■ YOUR GOAL
Answer with the exact lines of the following material from the one containing "𝐂𝐥𝐚𝐬𝐡 𝐑𝐨𝐲𝐚𝐥𝐞 𝐋𝐞𝐚𝐠𝐮𝐞 𝟐𝟎𝟐𝟓 𝐖𝐨𝐫𝐥𝐝 𝐅𝐢𝐧𝐚𝐥𝐬" through the one containing "has been retained.", both end lines included.

■ GIVEN INFORMATION
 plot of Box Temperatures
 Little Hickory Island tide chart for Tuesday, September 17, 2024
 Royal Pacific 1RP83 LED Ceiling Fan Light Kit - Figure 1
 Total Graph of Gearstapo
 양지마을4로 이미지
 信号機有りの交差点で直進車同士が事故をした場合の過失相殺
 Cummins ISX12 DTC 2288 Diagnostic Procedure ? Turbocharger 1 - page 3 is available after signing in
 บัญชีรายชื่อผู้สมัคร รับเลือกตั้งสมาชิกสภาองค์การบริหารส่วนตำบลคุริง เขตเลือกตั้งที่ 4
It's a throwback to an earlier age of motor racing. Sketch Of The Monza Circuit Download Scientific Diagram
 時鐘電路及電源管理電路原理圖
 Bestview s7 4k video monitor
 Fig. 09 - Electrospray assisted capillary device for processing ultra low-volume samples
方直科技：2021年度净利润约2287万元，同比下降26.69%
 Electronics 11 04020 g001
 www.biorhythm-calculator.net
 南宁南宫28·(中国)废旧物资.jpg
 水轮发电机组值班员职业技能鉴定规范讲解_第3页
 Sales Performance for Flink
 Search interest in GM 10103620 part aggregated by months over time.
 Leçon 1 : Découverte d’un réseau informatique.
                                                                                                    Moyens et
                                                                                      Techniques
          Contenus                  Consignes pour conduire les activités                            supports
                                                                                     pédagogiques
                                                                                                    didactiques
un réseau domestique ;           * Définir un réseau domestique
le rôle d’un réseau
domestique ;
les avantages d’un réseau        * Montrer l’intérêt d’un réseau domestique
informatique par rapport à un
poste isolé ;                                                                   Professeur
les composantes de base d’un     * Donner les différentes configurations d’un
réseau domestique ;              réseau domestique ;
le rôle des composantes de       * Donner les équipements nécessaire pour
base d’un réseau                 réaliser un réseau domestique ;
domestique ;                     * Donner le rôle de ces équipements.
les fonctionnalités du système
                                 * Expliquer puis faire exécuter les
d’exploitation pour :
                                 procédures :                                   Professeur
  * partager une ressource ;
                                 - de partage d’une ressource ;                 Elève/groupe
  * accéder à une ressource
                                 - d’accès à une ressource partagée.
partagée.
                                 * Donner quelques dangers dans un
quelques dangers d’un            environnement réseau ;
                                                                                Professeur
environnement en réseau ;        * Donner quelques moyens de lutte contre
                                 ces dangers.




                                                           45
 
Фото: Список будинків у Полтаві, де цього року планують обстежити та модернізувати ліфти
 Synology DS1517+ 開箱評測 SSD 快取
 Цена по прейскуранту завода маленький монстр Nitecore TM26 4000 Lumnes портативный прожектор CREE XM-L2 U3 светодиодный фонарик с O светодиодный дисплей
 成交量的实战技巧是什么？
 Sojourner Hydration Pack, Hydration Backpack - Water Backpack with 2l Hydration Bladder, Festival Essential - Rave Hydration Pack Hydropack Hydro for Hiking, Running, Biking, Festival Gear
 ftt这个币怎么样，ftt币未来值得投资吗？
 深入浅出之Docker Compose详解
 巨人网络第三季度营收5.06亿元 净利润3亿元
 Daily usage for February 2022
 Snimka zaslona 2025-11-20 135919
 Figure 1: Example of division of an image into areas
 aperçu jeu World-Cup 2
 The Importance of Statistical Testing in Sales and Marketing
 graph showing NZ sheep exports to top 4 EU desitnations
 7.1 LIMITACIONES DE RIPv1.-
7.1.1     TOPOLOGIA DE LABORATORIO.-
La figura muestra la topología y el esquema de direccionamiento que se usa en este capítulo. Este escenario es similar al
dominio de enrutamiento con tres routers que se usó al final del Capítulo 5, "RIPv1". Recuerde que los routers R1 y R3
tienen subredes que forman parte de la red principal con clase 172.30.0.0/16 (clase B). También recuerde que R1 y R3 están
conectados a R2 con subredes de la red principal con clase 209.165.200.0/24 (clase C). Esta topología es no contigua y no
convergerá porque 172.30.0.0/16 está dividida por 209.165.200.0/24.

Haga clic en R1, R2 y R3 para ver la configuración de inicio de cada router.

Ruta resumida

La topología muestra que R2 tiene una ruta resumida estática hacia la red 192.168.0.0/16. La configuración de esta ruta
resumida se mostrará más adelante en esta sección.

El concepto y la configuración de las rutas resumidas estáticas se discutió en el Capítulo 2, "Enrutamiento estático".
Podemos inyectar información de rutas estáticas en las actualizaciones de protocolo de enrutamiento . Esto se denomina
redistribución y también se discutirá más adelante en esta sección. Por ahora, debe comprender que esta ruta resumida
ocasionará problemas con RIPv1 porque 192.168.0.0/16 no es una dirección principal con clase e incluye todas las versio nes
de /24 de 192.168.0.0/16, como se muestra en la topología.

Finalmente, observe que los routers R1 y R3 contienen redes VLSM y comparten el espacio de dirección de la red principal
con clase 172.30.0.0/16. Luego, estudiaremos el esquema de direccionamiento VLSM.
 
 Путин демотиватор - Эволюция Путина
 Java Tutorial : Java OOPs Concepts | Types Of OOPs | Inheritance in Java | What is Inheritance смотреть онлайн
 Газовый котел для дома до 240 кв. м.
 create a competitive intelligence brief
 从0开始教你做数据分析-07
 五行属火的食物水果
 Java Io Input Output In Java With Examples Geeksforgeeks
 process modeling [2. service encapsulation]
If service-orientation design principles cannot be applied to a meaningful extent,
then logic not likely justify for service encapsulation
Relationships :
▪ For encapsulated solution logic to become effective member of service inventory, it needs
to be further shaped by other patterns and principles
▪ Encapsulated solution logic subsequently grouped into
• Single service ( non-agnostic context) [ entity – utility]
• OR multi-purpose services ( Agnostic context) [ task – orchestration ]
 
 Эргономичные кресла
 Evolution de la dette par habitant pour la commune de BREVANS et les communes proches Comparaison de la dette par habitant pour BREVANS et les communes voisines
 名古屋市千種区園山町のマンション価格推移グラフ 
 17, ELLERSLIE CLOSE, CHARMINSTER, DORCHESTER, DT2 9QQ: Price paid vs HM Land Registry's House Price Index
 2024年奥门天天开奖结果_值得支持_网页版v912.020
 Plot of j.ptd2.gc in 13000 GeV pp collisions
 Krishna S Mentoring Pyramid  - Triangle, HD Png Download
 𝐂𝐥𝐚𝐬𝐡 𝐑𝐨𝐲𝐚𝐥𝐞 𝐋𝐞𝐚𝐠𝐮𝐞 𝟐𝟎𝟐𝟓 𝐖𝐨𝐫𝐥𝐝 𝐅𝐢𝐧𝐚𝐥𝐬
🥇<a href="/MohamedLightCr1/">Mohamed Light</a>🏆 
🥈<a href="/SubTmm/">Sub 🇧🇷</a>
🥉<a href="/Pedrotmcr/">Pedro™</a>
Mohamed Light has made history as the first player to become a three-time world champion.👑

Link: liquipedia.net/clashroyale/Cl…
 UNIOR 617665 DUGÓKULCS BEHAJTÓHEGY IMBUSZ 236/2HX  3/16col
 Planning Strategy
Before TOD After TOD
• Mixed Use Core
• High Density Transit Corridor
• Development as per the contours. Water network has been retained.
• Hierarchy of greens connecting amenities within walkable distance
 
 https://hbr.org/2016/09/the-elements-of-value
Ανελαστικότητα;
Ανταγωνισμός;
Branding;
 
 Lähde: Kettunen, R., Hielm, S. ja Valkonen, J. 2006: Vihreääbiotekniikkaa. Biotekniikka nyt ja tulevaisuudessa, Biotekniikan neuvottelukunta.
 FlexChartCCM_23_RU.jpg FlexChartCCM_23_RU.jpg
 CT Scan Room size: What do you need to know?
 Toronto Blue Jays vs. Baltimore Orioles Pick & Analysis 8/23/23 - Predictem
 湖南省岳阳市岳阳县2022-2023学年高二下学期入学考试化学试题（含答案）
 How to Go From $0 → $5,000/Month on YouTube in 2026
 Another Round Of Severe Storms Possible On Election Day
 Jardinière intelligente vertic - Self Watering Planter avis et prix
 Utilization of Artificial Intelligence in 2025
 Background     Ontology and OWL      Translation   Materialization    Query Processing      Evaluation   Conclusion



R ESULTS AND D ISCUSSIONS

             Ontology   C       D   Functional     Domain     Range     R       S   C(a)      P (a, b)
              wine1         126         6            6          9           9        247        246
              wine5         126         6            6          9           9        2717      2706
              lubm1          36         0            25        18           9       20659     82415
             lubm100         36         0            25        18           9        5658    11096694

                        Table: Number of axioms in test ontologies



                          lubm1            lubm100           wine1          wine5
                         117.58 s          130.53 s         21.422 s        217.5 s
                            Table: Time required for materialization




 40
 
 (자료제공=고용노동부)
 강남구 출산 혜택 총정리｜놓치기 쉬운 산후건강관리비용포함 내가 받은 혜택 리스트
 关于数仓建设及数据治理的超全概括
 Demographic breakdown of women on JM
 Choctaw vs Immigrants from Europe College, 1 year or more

■ ANSWER BOX
 𝐂𝐥𝐚𝐬𝐡 𝐑𝐨𝐲𝐚𝐥𝐞 𝐋𝐞𝐚𝐠𝐮𝐞 𝟐𝟎𝟐𝟓 𝐖𝐨𝐫𝐥𝐝 𝐅𝐢𝐧𝐚𝐥𝐬
🥇<a href="/MohamedLightCr1/">Mohamed Light</a>🏆 
🥈<a href="/SubTmm/">Sub 🇧🇷</a>
🥉<a href="/Pedrotmcr/">Pedro™</a>
Mohamed Light has made history as the first player to become a three-time world champion.👑

Link: liquipedia.net/clashroyale/Cl…
 UNIOR 617665 DUGÓKULCS BEHAJTÓHEGY IMBUSZ 236/2HX  3/16col
 Planning Strategy
Before TOD After TOD
• Mixed Use Core
• High Density Transit Corridor
• Development as per the contours. Water network has been retained.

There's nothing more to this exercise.